*What to do*
Return the records exactly as they are.

*Records for processing*

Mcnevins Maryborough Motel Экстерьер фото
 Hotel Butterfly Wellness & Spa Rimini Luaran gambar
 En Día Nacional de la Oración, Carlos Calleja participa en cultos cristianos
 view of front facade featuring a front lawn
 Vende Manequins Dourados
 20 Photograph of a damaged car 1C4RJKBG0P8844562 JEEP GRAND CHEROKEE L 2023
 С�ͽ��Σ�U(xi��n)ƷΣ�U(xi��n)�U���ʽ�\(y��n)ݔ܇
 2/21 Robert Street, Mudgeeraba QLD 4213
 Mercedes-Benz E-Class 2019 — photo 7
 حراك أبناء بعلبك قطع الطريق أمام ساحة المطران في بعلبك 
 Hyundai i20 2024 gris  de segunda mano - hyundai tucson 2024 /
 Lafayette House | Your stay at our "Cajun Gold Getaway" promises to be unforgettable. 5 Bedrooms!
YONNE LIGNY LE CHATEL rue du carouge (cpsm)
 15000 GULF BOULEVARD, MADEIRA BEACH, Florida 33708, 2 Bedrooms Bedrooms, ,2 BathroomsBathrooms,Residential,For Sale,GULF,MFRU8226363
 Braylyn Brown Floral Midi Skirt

*Result of this exercise*
Mcnevins Maryborough Motel Экстерьер фото
 Hotel Butterfly Wellness & Spa Rimini Luaran gambar
 En Día Nacional de la Oración, Carlos Calleja participa en cultos cristianos
 view of front facade featuring a front lawn
 Vende Manequins Dourados
 20 Photograph of a damaged car 1C4RJKBG0P8844562 JEEP GRAND CHEROKEE L 2023
 С�ͽ��Σ�U(xi��n)ƷΣ�U(xi��n)�U���ʽ�\(y��n)ݔ܇
 2/21 Robert Street, Mudgeeraba QLD 4213
 Mercedes-Benz E-Class 2019 — photo 7
 حراك أبناء بعلبك قطع الطريق أمام ساحة المطران في بعلبك 
 Hyundai i20 2024 gris  de segunda mano - hyundai tucson 2024 /
 Lafayette House | Your stay at our "Cajun Gold Getaway" promises to be unforgettable. 5 Bedrooms!
YONNE LIGNY LE CHATEL rue du carouge (cpsm)
 15000 GULF BOULEVARD, MADEIRA BEACH, Florida 33708, 2 Bedrooms Bedrooms, ,2 BathroomsBathrooms,Residential,For Sale,GULF,MFRU8226363
 Braylyn Brown Floral Midi Skirt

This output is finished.